Paul Johnson uses BBS instead of the interwebs.
And this is probably his BEST quality.
64 comments in the first hour of the Hatin' On thread being posted.
From all of us at TKP: "Fuck Paul Johnson with Pat Narduzzi and Matt Ryan"
Not sure that can happen. Nardz is a fan of tugging, not pushing off.
CPJ doesn't care as long as they just go low.
This thread must go on but... Can't... Think... Of anything... Funnier
When CPJ hears the term "going low" his first thought is of blown........ knees.
Paul Johnson likes to record all of the political ads on TV using VHS.

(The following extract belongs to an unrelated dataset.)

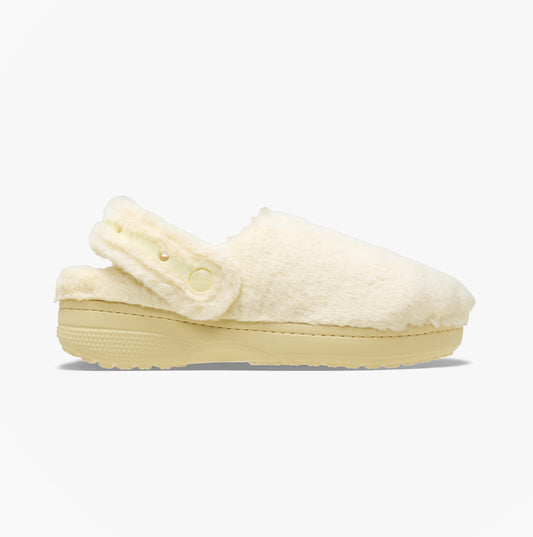 Crocs CLASSIC UNFURGETTABLE Womens Clogs Vanilla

Paul Johnson likes to record all of the political ads on TV
using VHS.FIFY. I'll cut him some slack on using a medium that was relevant when he could have been.
Paul Johnson thinks the political ads on TV are factual and relevant.
Paul Johnson thinks a chophouse is where you go to learn how to chop block.
Accordingly, he never fully appreciated the London Broil at West End.
While slicing London Broil at West End, Paul Johnson doesn't slice a little extra off to make sure you get your rightful portion. And then he looks at you funny when you ask for Mushroom gravy on EVERYTHING
To be fair, the London Broil was much more satisfying in Lane.
I'm a little sad about never having sampled the London Broil in Lane.
If by the London Broil in Lane, you mean when London got Broiled in Lane 3 times between '10 and '15, I agree.
I have no experience with any other context
Paul Johnson doesn't value time of possession
Paul Johnson thinks the Big Lebowski is a good movie
Paul Johnson likes birthday cake more than crab cakes
Paul Johnson doesn't let you merge onto the highway and hides in your blind spot
Paul Johnson thinks its pronounced Vah Tech but gets angry when you pronounce it Gah Tech
Paul Johnson is still undecided on who to vote for
Paul Johnson thinks the snozzberries don't taste like snozzberries
Paul Johnson wasn't rooting for the Indians as much as he was just rooting against the Cubs
Paul Johnson and Pat Narduzzi share necklaces with half-heart pendants and have friendship bracelets
Paul Johnson pronounces it 'jifs'
Paul Johnson thinks the moon landings were fake
Paul Johnson claims he has inside information in the JonBenet Ramsey case
Paul Johnson fires his caddie for carrying his clubs incorrectly
Paul Johnson has a permanent case of the Mondays
Your first two are backwards.
Hahaha.
I also have it on good authority that Paul Johnson hates it when Willy Wonka cuts Grandpa Joe and Charlie some slack on the fizzy lifting drink deal.
Paul Johnson thinks it would clear things up if the media just refers to them as "Tech".
Again with the Lebowski hate? 2 weeks in a row? This aggression will not stand, man
I think I'm working on three seasons straight.
HOAT for president!
Paul Johnson says he's going to "The Targets" when he goes to Target.
Paul Johnson charged an extra $50 to put this kid's bicycle together
Florida City?
Even the producer is tired of figuring out where all the crazy happens in Florida.
Paul Johnson crop dusts the receiving line at funeral viewings.
I had to break my vow of not commenting on TKP anymore to say this is the funniest thing I've read in a while!
Paul Johnson is depressed that the election season ends tomorrow.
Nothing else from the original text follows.